February 25, 2011 2:26:59 PM PST
The fight over collective bargaining rights in Wisconsin is really a battle to protect the middle-class across the country, said union leaders from the state who spoke at a rally at New Jersey's Statehouse on Friday. Union voices from Wisconsin joined the rally in Trenton on Friday.

"Thank you New Jersey for standing with Wisconsin," Stephanie Bloomingdale said.

Bloomingdale, secretary-treasurer for the Wisconsin AFL-CIO, said that her state is ground zero in a nationwide attack on union workers. She and two other Wisconsin union officials flew to New Jersey for the unity rally.

"Our fight is New Jersey's fight," said Bloomingdale. "And New Jersey's fight is Michigan's fight. Michigan's fight is Ohio's fight for America to reclaim our middle class."

About 3,100 people were at the rally, said New Jersey State Police Sgt. Brian Polite.

Labor leaders say New Jersey's Governor Christie and Wisconsin's Governor Walker are using budget crises in their states to break the unions.

"We didn't cause the economic crisis, but we will help solve it," Richard Trumka, Nat'l President of the AFL-CIO, said.

Wisconsin Gov. Scott Walker wants to end nearly all bargaining with public employee unions to help balance the state budget. The Republican Assembly passed his proposal, but Senate Democrats who oppose the plan but lack the votes to stop it have fled to Illinois to keep the vote from taking place.
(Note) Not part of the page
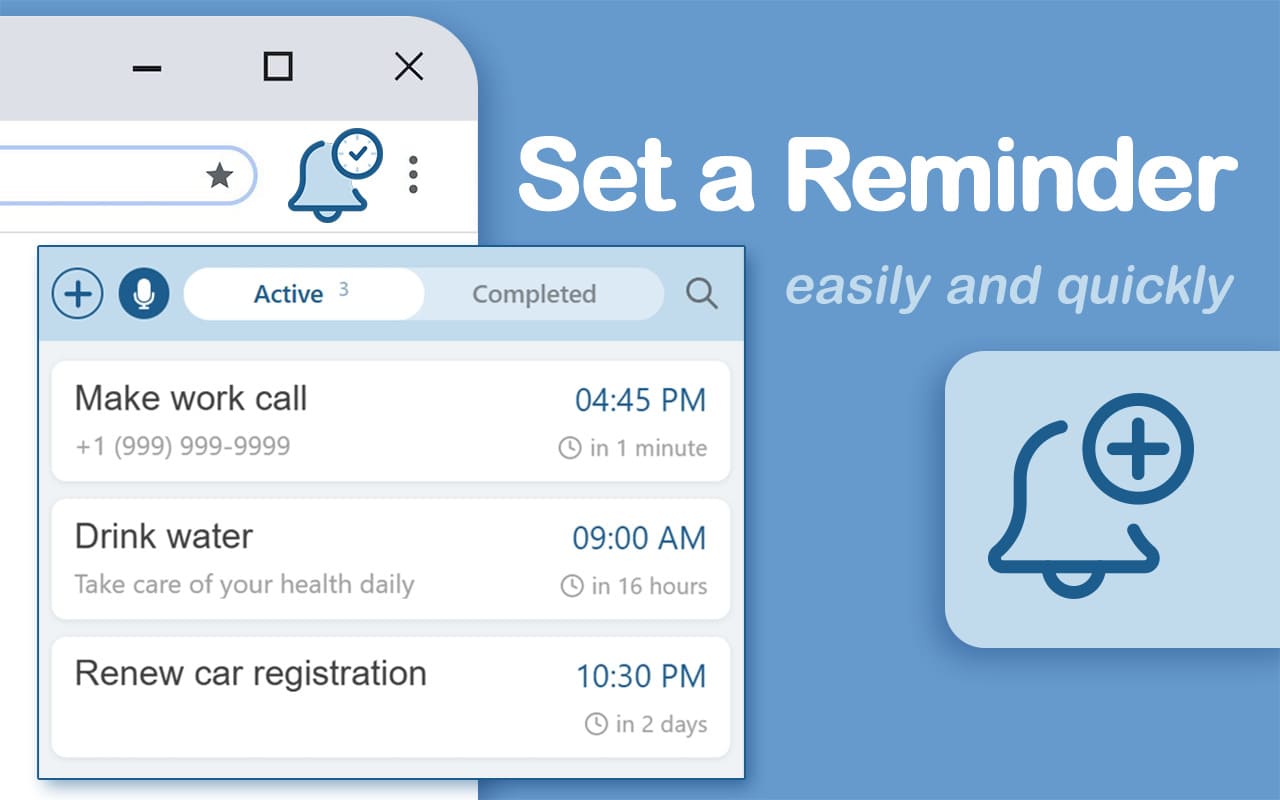 Set a Reminder – Voice & Text Reminders for Chrome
New Jersey Gov. Chris Christie, who was to be out of state during the rallies, has proposed raising the retirement age and requiring public workers to pay more for pension and health benefits. He said he supports Walker for taking strong actions to balance the state budget but says he supports "responsible" collective bargaining.

Counter demonstrators said it's not too much to ask.

"They have to share the sacrifice. The taxpayers are the ones at the table when they negotiate," Haddon Heights resident Lorraine Little-Vassallo said.

Union leaders, however, see Christie's proposals as attempts to weaken organized labor, which can be a powerful ally to Democrats. All 120 legislative seats are up for re-election in New Jersey in November, and Christie has made no secret of his desire to wrest control of at least one house from the majority party.